§ PROMPT: Without any of the pictures, set down the data below exactly.

[Excerpts from a dataset]
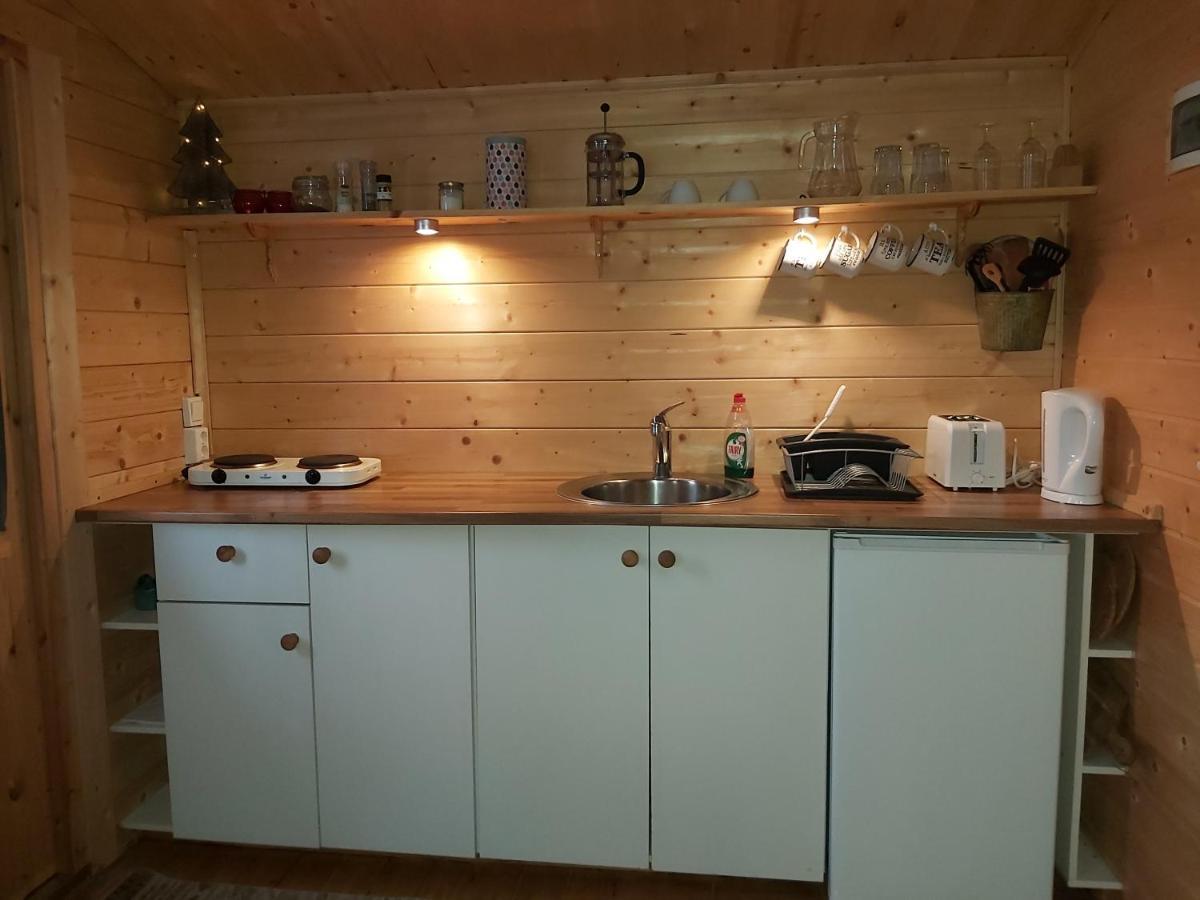 Bakkakot 2 - Cozy Cabins In The Woods Акурейри Экстерьер фото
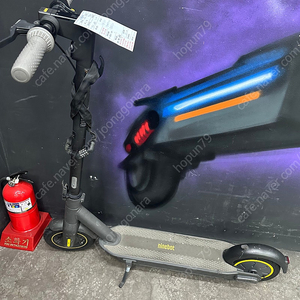 나인봇 맥스 g30 121W 42V 판매합니다 사진은 20날 찍어서 바로 보내드리겠습니다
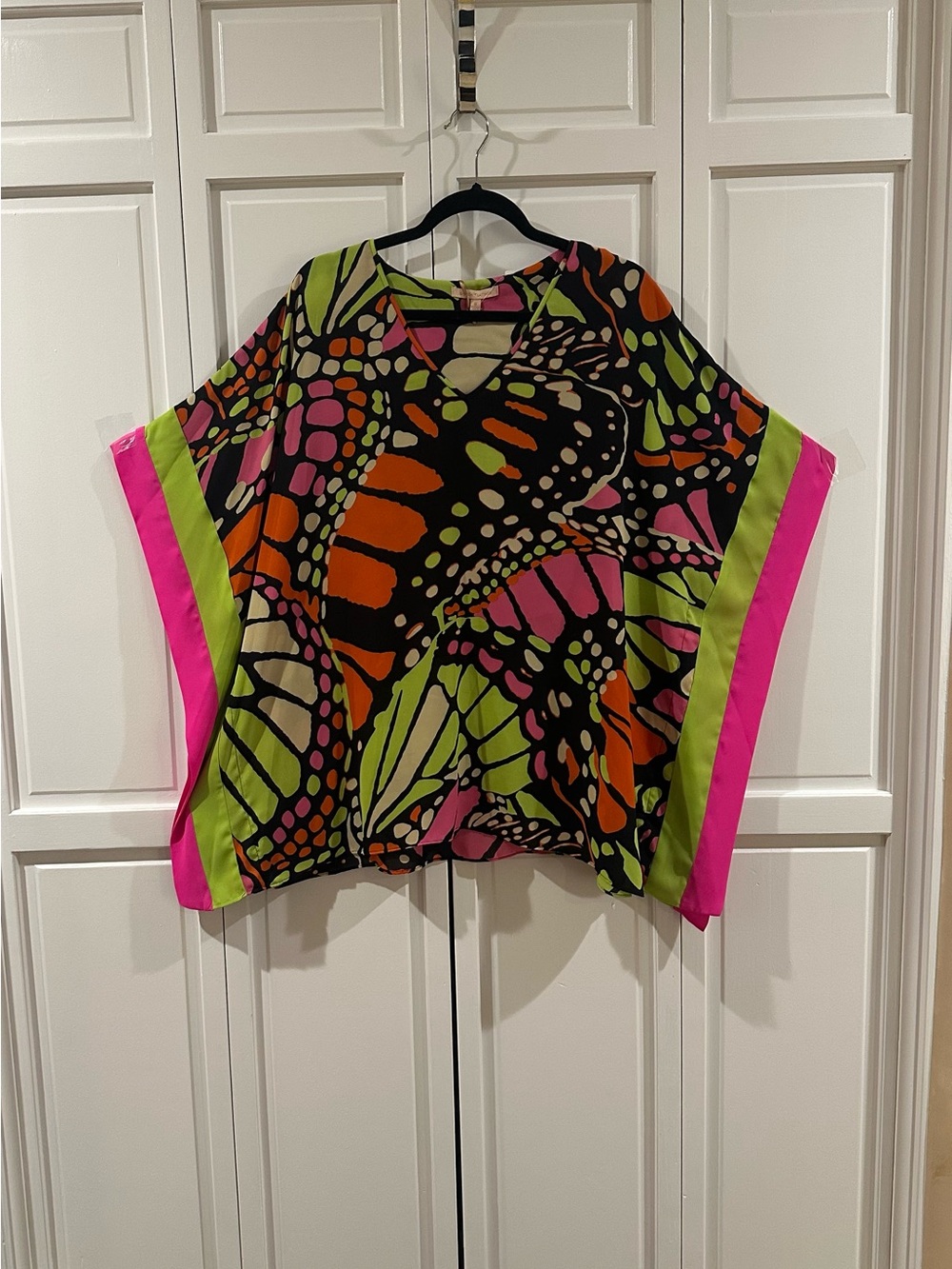 Gibson Latimer NWT Neon Butterfly-Print Poncho Style Blouse, Size XL
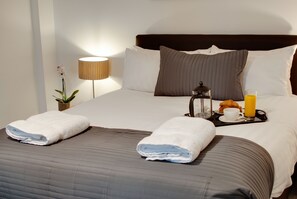 Egyptian cotton sheets, iron/ironing board, free Internet - Base Serviced Apartments - Cumberland Apartments (Liverpool)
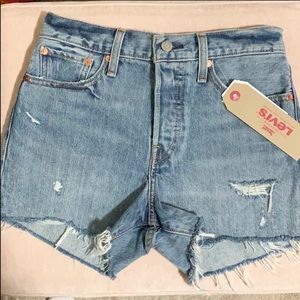 Wedgie Fit Levi Jean Shorts
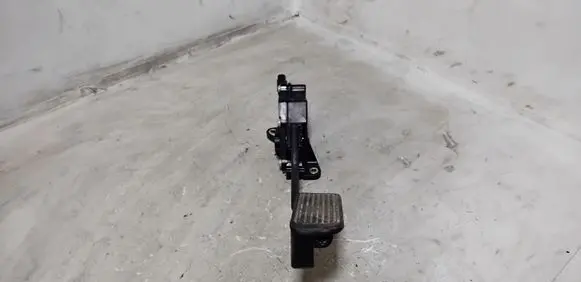 Lexus CT 200H Accelerator throttle pedal 7811076011 1988008462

§ THE ANSWER:
 Bakkakot 2 - Cozy Cabins In The Woods Акурейри Экстерьер фото
 나인봇 맥스 g30 121W 42V 판매합니다 사진은 20날 찍어서 바로 보내드리겠습니다
 Gibson Latimer NWT Neon Butterfly-Print Poncho Style Blouse, Size XL
 Egyptian cotton sheets, iron/ironing board, free Internet - Base Serviced Apartments - Cumberland Apartments (Liverpool)
 Wedgie Fit Levi Jean Shorts
 Lexus CT 200H Accelerator throttle pedal 7811076011 1988008462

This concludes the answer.